The Times of Israel reports that In closing arguments on August 1, prosecutor L. Rush Atkinson described Elbaz as someone who lied to investors about their chances of making money and lied about their ability to withdraw money once they had deposited it. If an investor came to understand that he had been duped or wanted his money returned for whatever reason, his money was suddenly unavailable.

 A defense attorney said Elbaz did not condone the fraudulent tactics used by employees who worked under her supervision. Federal prosecutors alleged that far from being unaware of the fraud her employees were committing, Elbaz directed her sales agents to lie over the phone in addition to lying herself.

“In her own words, she was ‘a money-making machine.’ She was the center of a devastating fraud,” Atkinson said. “Her workers couldn’t remember a single client who withdrew the money they invested,” he added.

Elbaz’s defense attorney Barry Pollack displayed some pilpul* sophistry suggesting in his closing argument that being a “money-making machine” is not a crime.

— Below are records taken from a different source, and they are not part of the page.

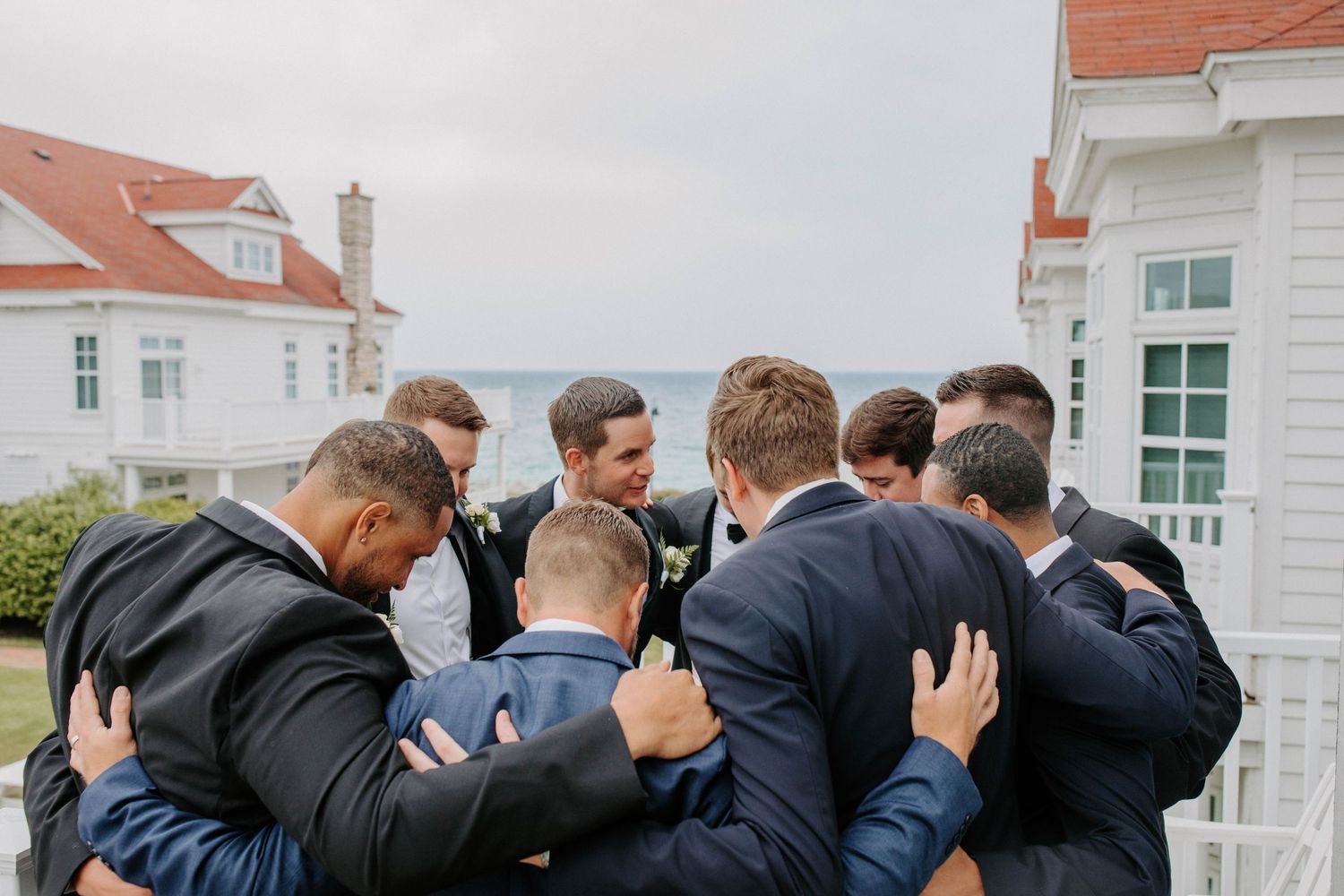 Groomsmen in formal attire embrace in a group hug on a coastal porch.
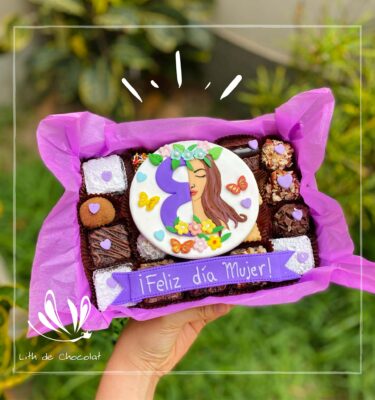 Mix box con postres surtidos y una decoración central del Día de la Mujer con la mitad del número 8 y la mitad del rostro de una mujer.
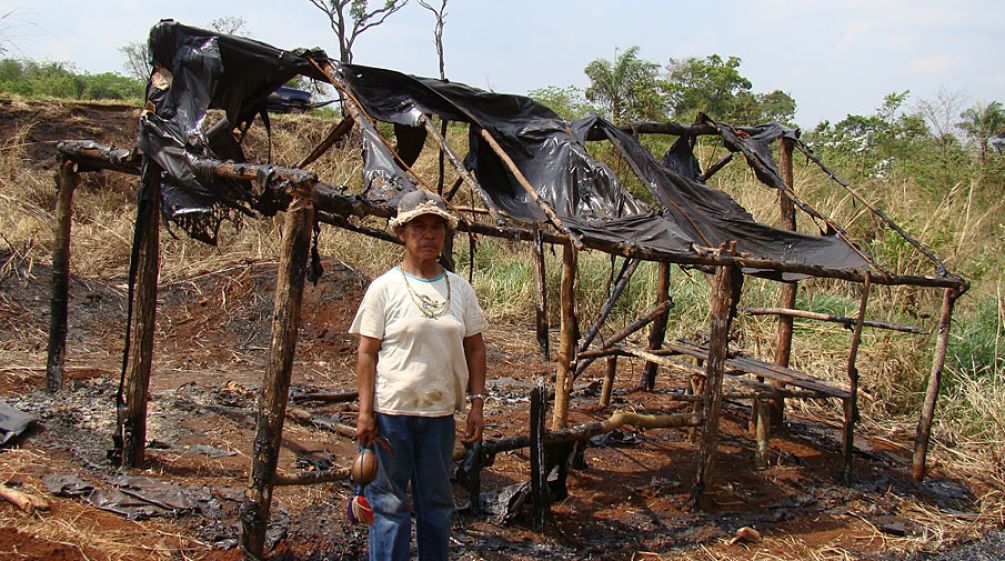 Damiana, ein Guaraní-Kaiowá und religiöse Führerin der Apyka'y, vor einer niedergebrannten Hütte nach Zwangsvertreibungen Guarani-Kaiowá vor zerstörter Hütte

Pollack is correct, some would even argue that making money is a mitzvah, yet making money by means of fraud is a crime even when the American press is too embarrassed to report about it.

Pollack argued that Elbaz had drawn that line at a place she thought was proper, based on a ‘legal opinion’ offered by David Bitton, lawyer for Yukom Communications. Bitton had opined that under Israeli law it is not illegal for a business to lie unless that lie is specifically about the product they are selling. Did Bitton affirm that lying for the cause is a kosher procedure, at least in Israel? You can sell products under fake name. You can fake your credential and even invent your past as long as you don’t lie about your  (non existent) product.

Asked by her attorney whether she thought it was wrong to use a fake name when interacting with investors, Elbaz replied: “No. I saw a legal opinion that it was allowed and I was asked by the broker to do it and also not to say we are from Israel; some people don’t like it [for anti-Semitic reasons].”

For those with short memories, this is the second time we’ve  learned this month that Jews should be allowed to lie about their identity and even fake their passports because of anti-Semitism. ‘Explaining’ the fake Passport found in Jeffrey Epstein’s house his defense lawyer Marc Fernich wrote: “Some Jewish-Americans were informally advised at the time to carry identification bearing a non-Jewish name when traveling internationally in case of hijacking.”

“Did you know your employees used fake names?” prosecuting attorney Henry Van Dyck asked. “We were asked by our broker not to expose Israeli names, and anti-Semitic-wise we are Jewish, working with people who don’t like it.”

“Some names are difficult to pronounce,” she added, offering this as another reason that employees used what she referred to as stage names.

“Why did Austin Smith need a fake name?” asked Van Dyck. “What about Oren Montgomery?”

“It’s hard to pronounce,” she replied.

“Harder to pronounce than Bill Shneizer?” he asked, referring to the pseudonym used by an employee named Oren Montgomery.

Prosecutor Caitlin Cottingham said that far from being harmless lies, the fake names and locations Elbaz and other used were essential to the alleged scheme, and used for a simple reason. “They used fake names because they didn’t want to get caught,” she said.

Or maybe the Israeli employees were asked to hide their Jewish names, not because their clients were potentially ‘anti-Semitic’ but because this entire operation evokes bad memories of the wolves of Wall Street.

* Pilpul – a method of Talmudic disputation among rabbinical scholars regarding the interpretation of notions, actions, rules, principles and  Scriptures.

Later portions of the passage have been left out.